Visitors look over modular homes Friday at the Recovery Expo in Biloxi, Miss. 
 (Photos by Associated Press / The Spokesman-Review)
Richard Fausset Los Angeles Times

BILOXI, Miss. – It is a sort of post-Katrina state fair. A trade show custom-tailored for a ruined land. A convergence of building and zoning experts, readily accessible bureaucrats and salespeople who have just the extra-thick siding you’ve been looking for – the kind with the patented Twister Lock and Cyclonic Locking System that withstands winds as high as 187 mph!
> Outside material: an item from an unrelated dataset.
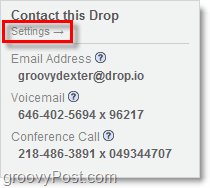 como acessar as configurações do drop.io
Mississippi Gov. Haley Barbour is billing it as the first “Recovery Expo,” a free event that opened Friday at the Mississippi Coast Coliseum and runs through the weekend. Organizers are hoping the state’s hurricane victims will leave here with their legal questions answered, a prefab home picked out, and renewed energy that will help the long-suffering coast bloom with building projects as the one-year anniversary of the storm approaches on Aug. 29.

So far, Mississippi’s rebuilding effort has been heartening and frustrating. Thousands of Gulf Coast residents are still in trailer homes, and many waterfront communities are strewn with ghostly husks of businesses and homes.

But Gavin Smith, the state recovery director, says momentum is starting to build here: Residents are receiving their insurance payouts, and small business loans are sprucing up commercial properties. Last month, the state began distributing a portion of $5 billion in federal rebuilding aid to 17,000 homeowners. The ravaged Beau Rivage Casino, once one of the region’s fanciest, is set for an Aug. 29 grand re-opening.

“We think we’re right at the cusp of the point where people will start building in earnest,” Smith said.

Some of the most ardent believers in that forecast were the dozens of building industry representatives who dominated the Expo. If the style of their message owed a debt to Dale Carnegie, the substance took a cue from the little pig who built with bricks. Their names alone set the theme: Kodiak Steel Homes; Safeway Homes; House Raising of the Gulf Coast LLC; FloodBarrier, Inc.

A company called Oceansafe Housing hawked a hurricane-proof home with walls made from a kind of steel and polystyrene sandwich. Employee Susanne Bohr said the idea has been a success in the Caribbean.

“A NASA engineer holds the patent,” she said.

A salesman named Steve Bishop offered an array of hurricane-proof doors and windows. He was hoping to hook up with some big condo developers. He had some advice for them, too: build the high-rises with multilevel car garages on the first few floors.

“Then you’re going to lose cars, not people,” he said.

One booth touted the “DuPont Storm Room,” with a model on display. It seemed normal enough, about the size of a guest bathroom. But the accompanying text noted that it was reinforced with Kevlar: “The same life-saving fiber used in bullet-resistant vests.”

Neil Smith, the DuPont distributor, said the storm room doesn’t make much sense directly in the flood zone, but could be helpful a couple of miles from the beach, where the greatest danger from a hurricane is wind damage rather than water.

Blake Hobson, who was there pitching the siding with the “cyclonic” technology, said companies like his stood to make money on the coast in the coming years. “This whole place has got to be rebuilt,” he said.

A number of exhibitors touted their pre-fabricated houses, which these days go by the name “modular” housing, to sidestep trailer-park stigmas. Across the Gulf Coast region, officials are hoping that architecturally spiffed-up versions of this old, affordable idea will help bring long-term housing to the region, and fast.

Barbour, who kicked off the event Friday morning, said that with chronic labor shortages, the region has to rely on homes that are at least partially assembled in a factory.

“We have to replace 70,000 units of housing,” Barbour said, referring to the number of homes destroyed or rendered uninhabitable by the storm. “We’ve never built more than 2,800 units of housing on the Mississippi Gulf Coast in one year.”

The expo also hosted a number of government agencies to answer questions about job training programs, evacuation routes and new height requirements for houses. A Federal Emergency Management Agency booth displayed a “Home Builder’s Guide to Coastal Construction.”

The arena itself was severely flooded in the storm – its Web site shows large waves coursing across the main floor. As Mississippians crowded the exhibit area Friday, a work crew was hammering away nearby, fixing up a section of the building that still had no windows.